Mr. McLeod's business methods are characterized by directness and force. While he has good judgment and is reasonably diplomatic, these are not his chief characteristics, though he is ever ready to change the direction of his effort when he sees that he has made a mistake, or that his work would be more effective along another line. But it takes sound logic to convince him, and while he believes he is right nothing can swerve him from his path. Perhaps his rugged, dogged persistence comes, in part, from his Scotch ancestry, but his self-reliant, independent characteristics are largely the result of his life training. His varied career has rounded the sharp corners and made him the practical, forceful man of affairs he is today.
He has had wide experience in association work, his first efforts in this direction being with the retailers. Then he joined in the work of the Southern Lumber Manufacturers Association as a committeeman, a director and as president of the organization. When the National Lumber Manufacturers' Association was organized, geographical location had something to do with the choice of the presiding officer. Mr. McLeod was chosen president of the Association by a large majority, and he was unanimously reflected the following year in appreciation of his development work.

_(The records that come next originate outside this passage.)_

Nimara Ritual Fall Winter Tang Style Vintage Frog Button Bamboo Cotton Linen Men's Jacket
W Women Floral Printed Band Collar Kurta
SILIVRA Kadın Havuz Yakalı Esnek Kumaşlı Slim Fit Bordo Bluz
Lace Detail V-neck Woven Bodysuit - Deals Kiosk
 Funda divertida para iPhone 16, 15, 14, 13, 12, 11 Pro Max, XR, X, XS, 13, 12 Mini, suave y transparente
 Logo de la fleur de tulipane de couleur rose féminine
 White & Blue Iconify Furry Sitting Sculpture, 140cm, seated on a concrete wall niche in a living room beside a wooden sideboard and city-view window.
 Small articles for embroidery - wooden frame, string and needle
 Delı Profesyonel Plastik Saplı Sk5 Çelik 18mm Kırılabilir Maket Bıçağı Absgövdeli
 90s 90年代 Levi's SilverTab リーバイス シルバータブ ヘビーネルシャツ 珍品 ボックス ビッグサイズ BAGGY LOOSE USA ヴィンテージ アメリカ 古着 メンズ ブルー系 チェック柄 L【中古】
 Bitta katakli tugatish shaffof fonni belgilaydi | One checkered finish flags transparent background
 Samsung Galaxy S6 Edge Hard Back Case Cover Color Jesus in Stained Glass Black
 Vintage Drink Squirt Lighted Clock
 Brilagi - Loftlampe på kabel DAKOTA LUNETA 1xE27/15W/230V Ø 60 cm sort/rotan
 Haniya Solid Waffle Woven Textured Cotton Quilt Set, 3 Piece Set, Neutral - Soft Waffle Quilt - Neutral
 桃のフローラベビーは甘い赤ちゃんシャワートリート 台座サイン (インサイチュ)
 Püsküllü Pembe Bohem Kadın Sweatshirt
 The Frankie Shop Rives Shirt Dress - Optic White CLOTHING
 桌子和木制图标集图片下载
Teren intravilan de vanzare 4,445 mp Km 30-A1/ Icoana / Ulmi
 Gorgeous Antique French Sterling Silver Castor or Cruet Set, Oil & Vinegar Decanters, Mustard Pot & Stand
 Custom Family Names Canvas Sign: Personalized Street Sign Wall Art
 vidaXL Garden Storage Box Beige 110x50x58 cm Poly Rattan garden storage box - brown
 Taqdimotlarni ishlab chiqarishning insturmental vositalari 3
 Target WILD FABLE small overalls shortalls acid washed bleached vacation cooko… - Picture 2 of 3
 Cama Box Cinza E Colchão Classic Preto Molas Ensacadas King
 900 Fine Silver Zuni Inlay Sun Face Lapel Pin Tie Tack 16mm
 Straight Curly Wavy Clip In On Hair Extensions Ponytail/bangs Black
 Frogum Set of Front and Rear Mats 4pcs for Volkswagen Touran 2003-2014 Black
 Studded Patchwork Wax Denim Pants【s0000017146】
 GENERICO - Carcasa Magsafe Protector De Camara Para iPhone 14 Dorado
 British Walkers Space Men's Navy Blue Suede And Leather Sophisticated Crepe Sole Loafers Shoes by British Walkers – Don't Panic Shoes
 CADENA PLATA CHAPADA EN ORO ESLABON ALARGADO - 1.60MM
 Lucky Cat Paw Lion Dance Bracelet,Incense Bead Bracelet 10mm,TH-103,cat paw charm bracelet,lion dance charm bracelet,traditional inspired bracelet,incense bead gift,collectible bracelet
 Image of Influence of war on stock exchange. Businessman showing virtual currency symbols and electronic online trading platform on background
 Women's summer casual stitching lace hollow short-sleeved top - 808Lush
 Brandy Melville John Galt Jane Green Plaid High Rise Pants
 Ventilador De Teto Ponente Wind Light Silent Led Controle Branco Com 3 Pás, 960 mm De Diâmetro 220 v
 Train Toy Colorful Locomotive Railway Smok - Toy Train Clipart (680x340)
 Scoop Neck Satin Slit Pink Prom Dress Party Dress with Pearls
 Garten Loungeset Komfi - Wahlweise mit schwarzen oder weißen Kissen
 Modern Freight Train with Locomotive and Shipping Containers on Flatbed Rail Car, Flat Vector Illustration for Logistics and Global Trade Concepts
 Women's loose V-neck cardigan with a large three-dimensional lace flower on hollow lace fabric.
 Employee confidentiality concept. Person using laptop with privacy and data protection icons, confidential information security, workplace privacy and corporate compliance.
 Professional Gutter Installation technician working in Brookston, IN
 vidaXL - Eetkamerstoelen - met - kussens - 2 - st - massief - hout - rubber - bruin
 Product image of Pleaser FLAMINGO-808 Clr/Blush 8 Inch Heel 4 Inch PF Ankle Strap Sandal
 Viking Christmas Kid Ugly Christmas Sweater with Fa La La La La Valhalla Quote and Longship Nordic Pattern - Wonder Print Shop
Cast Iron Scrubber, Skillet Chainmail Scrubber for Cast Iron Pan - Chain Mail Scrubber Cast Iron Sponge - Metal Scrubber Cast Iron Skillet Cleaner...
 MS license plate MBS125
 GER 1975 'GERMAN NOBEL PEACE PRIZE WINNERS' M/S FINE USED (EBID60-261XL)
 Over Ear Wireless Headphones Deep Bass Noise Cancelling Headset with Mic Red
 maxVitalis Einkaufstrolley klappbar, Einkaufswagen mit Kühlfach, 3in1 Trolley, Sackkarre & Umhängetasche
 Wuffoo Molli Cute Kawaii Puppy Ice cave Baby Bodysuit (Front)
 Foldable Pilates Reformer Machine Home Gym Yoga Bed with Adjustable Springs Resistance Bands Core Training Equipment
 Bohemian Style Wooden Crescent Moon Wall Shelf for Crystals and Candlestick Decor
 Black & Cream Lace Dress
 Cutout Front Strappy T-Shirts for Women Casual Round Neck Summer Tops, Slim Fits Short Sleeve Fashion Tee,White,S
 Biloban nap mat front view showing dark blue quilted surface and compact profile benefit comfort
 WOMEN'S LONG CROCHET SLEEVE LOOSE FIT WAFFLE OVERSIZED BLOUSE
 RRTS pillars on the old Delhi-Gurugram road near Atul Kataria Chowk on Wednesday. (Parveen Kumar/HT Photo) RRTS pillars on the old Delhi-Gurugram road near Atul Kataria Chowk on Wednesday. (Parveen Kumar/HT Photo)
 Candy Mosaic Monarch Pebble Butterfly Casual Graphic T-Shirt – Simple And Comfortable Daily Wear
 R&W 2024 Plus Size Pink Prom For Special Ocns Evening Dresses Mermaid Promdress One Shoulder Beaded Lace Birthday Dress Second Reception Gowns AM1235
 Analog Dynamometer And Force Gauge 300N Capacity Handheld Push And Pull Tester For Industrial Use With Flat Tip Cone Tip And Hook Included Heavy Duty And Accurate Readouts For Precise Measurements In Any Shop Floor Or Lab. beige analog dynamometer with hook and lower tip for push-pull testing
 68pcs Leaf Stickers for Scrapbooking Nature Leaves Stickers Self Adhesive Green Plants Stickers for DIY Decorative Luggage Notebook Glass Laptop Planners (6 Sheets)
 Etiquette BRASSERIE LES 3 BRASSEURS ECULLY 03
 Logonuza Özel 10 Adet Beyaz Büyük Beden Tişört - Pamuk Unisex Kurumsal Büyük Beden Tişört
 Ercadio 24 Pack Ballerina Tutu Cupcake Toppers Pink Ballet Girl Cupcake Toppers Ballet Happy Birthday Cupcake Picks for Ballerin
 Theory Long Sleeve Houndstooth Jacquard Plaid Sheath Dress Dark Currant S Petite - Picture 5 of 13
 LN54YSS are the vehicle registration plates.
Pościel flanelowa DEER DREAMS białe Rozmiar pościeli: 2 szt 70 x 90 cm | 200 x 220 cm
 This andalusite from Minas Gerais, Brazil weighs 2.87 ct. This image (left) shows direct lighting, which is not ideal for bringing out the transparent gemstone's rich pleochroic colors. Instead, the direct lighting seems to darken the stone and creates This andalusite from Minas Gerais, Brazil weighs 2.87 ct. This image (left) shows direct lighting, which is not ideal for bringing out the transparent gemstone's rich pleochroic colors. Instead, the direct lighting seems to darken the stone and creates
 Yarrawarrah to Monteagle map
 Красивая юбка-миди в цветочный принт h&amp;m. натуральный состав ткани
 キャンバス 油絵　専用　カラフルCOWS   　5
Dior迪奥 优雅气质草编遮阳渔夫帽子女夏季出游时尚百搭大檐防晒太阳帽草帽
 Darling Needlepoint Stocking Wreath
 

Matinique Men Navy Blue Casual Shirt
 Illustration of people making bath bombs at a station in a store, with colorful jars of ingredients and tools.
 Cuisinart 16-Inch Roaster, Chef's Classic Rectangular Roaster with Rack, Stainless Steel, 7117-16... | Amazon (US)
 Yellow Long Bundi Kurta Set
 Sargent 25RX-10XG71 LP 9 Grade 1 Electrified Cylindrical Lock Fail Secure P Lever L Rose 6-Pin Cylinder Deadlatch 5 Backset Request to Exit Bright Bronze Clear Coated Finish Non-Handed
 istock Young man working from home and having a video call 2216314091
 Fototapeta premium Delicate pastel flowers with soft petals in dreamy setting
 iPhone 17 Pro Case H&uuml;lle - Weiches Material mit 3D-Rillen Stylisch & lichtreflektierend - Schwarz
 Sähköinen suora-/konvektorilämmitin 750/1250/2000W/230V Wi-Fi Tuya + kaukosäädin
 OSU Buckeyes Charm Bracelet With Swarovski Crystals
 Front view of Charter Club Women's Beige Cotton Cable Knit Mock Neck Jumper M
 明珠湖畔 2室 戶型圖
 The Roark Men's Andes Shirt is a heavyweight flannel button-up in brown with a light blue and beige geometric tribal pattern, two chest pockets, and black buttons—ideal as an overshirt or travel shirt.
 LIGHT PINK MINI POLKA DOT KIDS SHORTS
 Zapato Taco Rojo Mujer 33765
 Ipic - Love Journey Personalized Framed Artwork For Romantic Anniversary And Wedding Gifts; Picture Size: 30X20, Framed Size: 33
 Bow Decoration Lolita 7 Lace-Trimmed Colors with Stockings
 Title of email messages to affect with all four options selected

As a factor in yellow pine distribution and by his skillful business methods he attracted the attention of bankers, and he became vice president of the German Savings Institution, of St. Louis.
In 1903 Mr. McLeod organized the business men of St. Louis in advocating the nomination of Hon. Joseph W. Folk for governor of Missouri. Mr. McLeod, as chairman of the committee, conducted the campaign, for both the nomination and election, against the combined forces of the Republican party and the machine element of the Democratic party. Mr. Folk's nomination and election testify to the character of the campaign. Mr. McLeod was urged to continue in politics, but he has no political ambitions and upon Mr. Folk's election retired from active participation in the party councils.
Mr. McLeod married, in 1884, Miss Alice G. Albon, of Cobden, Illinois, who, with their two children, makes Mr. McLeod's home the most attractive spot on earth to him. The children are Eloise and Gertrude. Mr. McLeod is a charming entertainer of intimate friends, and the social side of his nature is distinct in its delightfulness. He is a lover of music and is somewhat of an expert amateur in photography. He is vice president of the Mercantile Club, of St. Louis, which embraces in its membership prominent men of the Mississippi Valley men who have made St. Louis the city it is today. Mr. McLeod rarely visits the club, except for lunch or business during the day, preferring the comforts of home to life at the club. He is a member of the Glen Echo Golf Club, St. Louis' leading country club; he is a golfer, a billiard player of ability and is fond of any pastime which requires skill and which his exhaustive business affairs allow him opportunity to follow.
Mr. McLeod has led a very active life and already has achieved that for which many men work all their lives. He bears a high reputation among his fellow lumbermen as a manager and as a successful marketer of lumber.